Copy all entries verbatim and keep any pictures out of the copy.

(Image-caption web data)
Segment Open
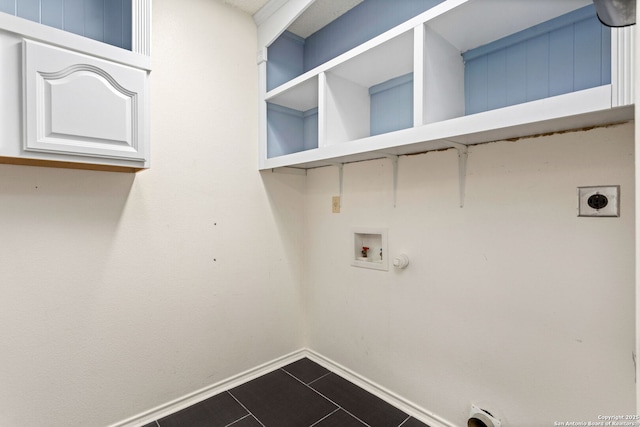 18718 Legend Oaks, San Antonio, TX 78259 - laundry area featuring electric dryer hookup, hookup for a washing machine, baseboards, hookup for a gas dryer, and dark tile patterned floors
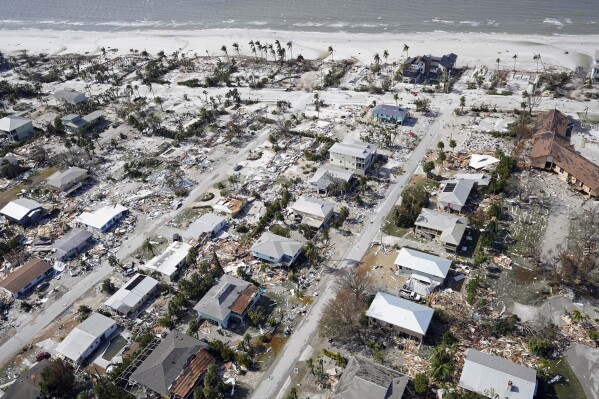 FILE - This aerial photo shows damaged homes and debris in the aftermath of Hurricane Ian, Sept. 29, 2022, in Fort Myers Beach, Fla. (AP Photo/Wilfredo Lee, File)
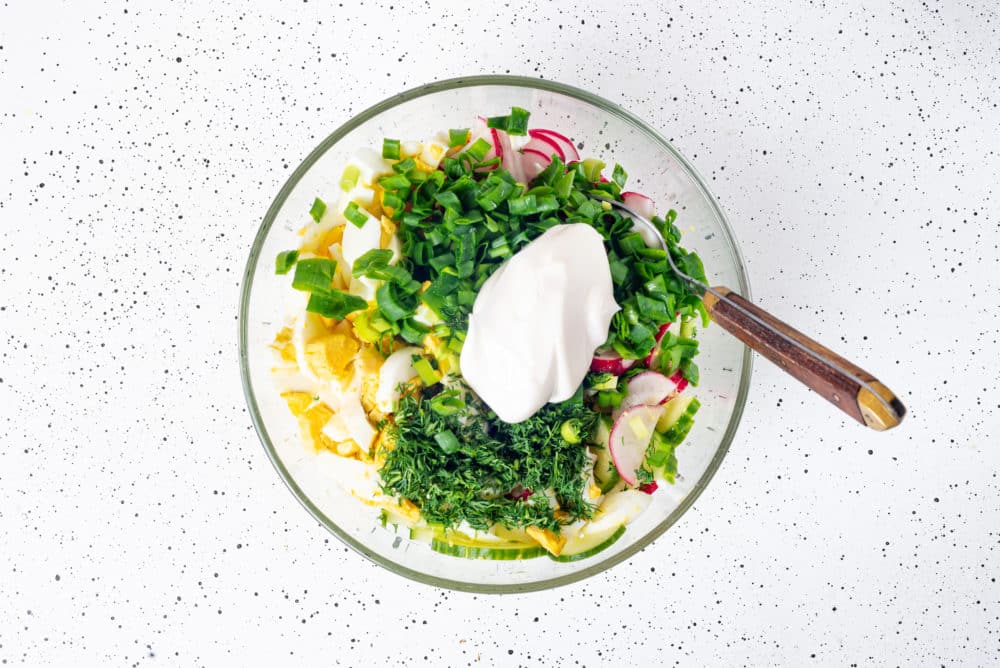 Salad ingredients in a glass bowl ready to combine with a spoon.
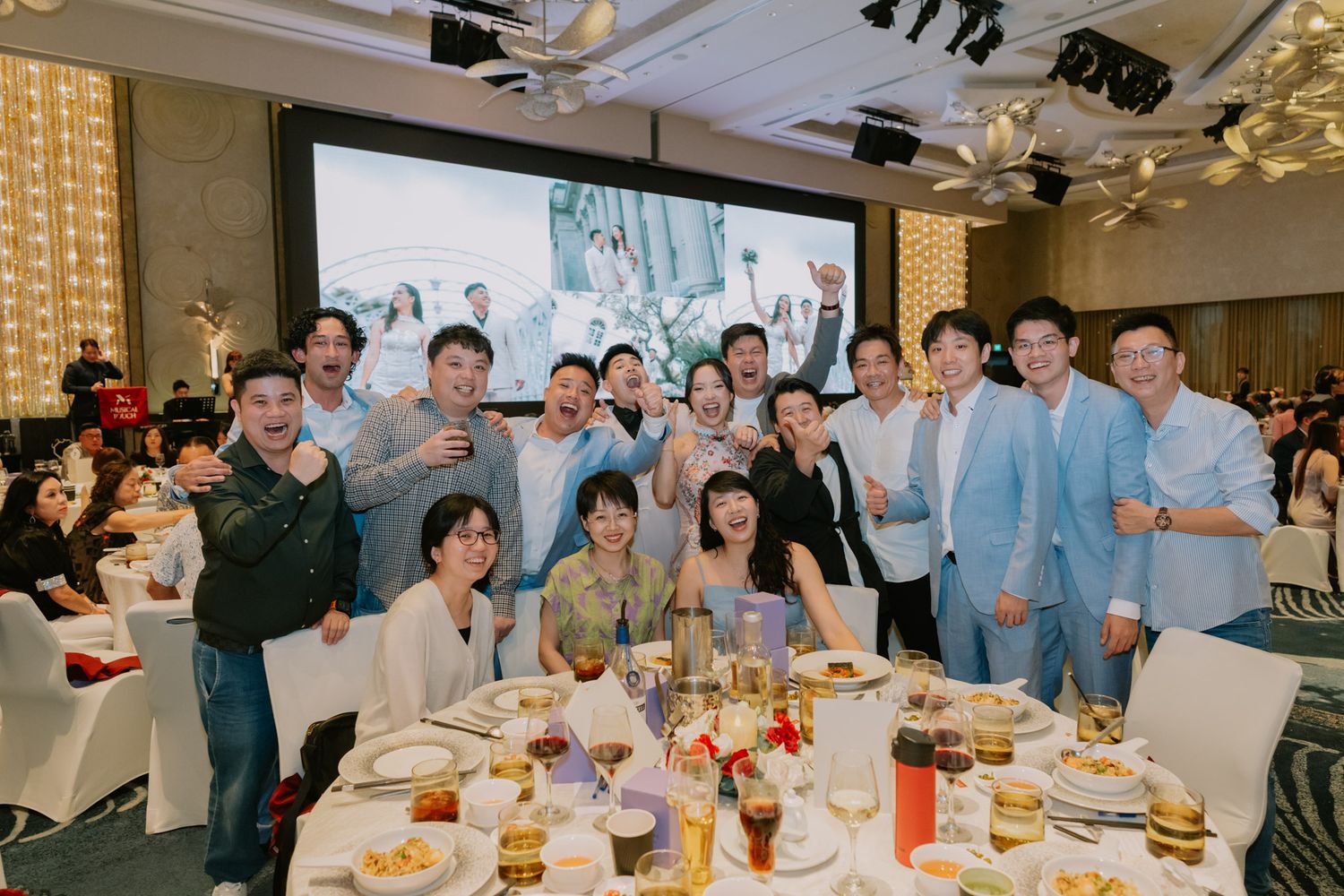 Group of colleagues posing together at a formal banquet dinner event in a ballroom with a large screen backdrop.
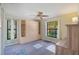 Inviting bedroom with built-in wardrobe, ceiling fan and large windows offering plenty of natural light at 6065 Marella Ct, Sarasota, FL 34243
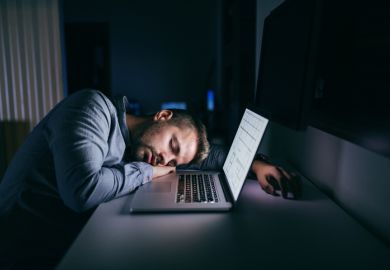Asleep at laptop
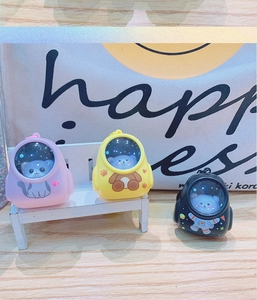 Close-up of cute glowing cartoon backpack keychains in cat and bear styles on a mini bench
Segment Closed
**SOLUTION:**
 18718 Legend Oaks, San Antonio, TX 78259 - laundry area featuring electric dryer hookup, hookup for a washing machine, baseboards, hookup for a gas dryer, and dark tile patterned floors
 FILE - This aerial photo shows damaged homes and debris in the aftermath of Hurricane Ian, Sept. 29, 2022, in Fort Myers Beach, Fla. (AP Photo/Wilfredo Lee, File)
 Salad ingredients in a glass bowl ready to combine with a spoon.
 Group of colleagues posing together at a formal banquet dinner event in a ballroom with a large screen backdrop.
 Inviting bedroom with built-in wardrobe, ceiling fan and large windows offering plenty of natural light at 6065 Marella Ct, Sarasota, FL 34243
Asleep at laptop
 Close-up of cute glowing cartoon backpack keychains in cat and bear styles on a mini bench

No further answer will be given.